--- START ---
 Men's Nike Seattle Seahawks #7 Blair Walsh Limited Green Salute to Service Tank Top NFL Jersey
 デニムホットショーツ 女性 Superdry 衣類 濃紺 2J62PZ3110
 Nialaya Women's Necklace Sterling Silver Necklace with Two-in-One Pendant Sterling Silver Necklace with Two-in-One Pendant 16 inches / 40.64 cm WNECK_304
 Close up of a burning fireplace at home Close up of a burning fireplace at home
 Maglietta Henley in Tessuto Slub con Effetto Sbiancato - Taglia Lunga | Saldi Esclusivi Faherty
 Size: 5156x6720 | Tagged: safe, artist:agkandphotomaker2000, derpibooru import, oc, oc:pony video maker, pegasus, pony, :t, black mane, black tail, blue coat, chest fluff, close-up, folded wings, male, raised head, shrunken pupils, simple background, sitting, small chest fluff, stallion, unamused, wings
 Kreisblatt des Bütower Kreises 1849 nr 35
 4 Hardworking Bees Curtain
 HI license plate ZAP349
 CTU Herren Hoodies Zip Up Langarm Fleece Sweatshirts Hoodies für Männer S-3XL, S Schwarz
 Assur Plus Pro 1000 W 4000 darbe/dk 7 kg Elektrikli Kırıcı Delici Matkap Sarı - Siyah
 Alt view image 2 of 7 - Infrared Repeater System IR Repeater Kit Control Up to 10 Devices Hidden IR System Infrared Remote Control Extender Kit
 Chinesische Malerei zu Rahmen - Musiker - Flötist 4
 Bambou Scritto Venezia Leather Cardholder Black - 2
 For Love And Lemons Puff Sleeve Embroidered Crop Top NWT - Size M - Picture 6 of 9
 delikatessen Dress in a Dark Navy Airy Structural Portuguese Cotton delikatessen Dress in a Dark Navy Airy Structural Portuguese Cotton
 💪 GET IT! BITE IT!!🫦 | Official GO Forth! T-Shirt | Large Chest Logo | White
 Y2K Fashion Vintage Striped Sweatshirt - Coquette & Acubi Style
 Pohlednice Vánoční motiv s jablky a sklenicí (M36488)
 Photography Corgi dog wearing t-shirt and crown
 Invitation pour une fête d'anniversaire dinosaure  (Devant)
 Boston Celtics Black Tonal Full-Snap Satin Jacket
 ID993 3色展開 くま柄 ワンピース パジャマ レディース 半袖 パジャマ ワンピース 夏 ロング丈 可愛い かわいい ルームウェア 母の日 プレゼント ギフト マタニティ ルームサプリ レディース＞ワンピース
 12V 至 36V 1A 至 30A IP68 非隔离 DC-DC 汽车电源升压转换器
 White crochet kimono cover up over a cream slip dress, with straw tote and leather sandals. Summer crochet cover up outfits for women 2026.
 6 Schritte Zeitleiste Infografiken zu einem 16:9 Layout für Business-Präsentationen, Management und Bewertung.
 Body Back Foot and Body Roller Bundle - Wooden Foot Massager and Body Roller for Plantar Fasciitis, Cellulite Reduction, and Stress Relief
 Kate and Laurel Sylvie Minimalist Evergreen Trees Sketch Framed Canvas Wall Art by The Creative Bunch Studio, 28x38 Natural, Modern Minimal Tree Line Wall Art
--- END ---
Please copy the lines above from the line with "Pohlednice Vánoční motiv" up to and including the line with "12V 至 36V 1A 至 30A IP68 非隔离 DC-DC 汽车电源升压转换器", exactly as written and with nothing else.

Output for this task:
 Pohlednice Vánoční motiv s jablky a sklenicí (M36488)
 Photography Corgi dog wearing t-shirt and crown
 Invitation pour une fête d'anniversaire dinosaure  (Devant)
 Boston Celtics Black Tonal Full-Snap Satin Jacket
 ID993 3色展開 くま柄 ワンピース パジャマ レディース 半袖 パジャマ ワンピース 夏 ロング丈 可愛い かわいい ルームウェア 母の日 プレゼント ギフト マタニティ ルームサプリ レディース＞ワンピース
 12V 至 36V 1A 至 30A IP68 非隔离 DC-DC 汽车电源升压转换器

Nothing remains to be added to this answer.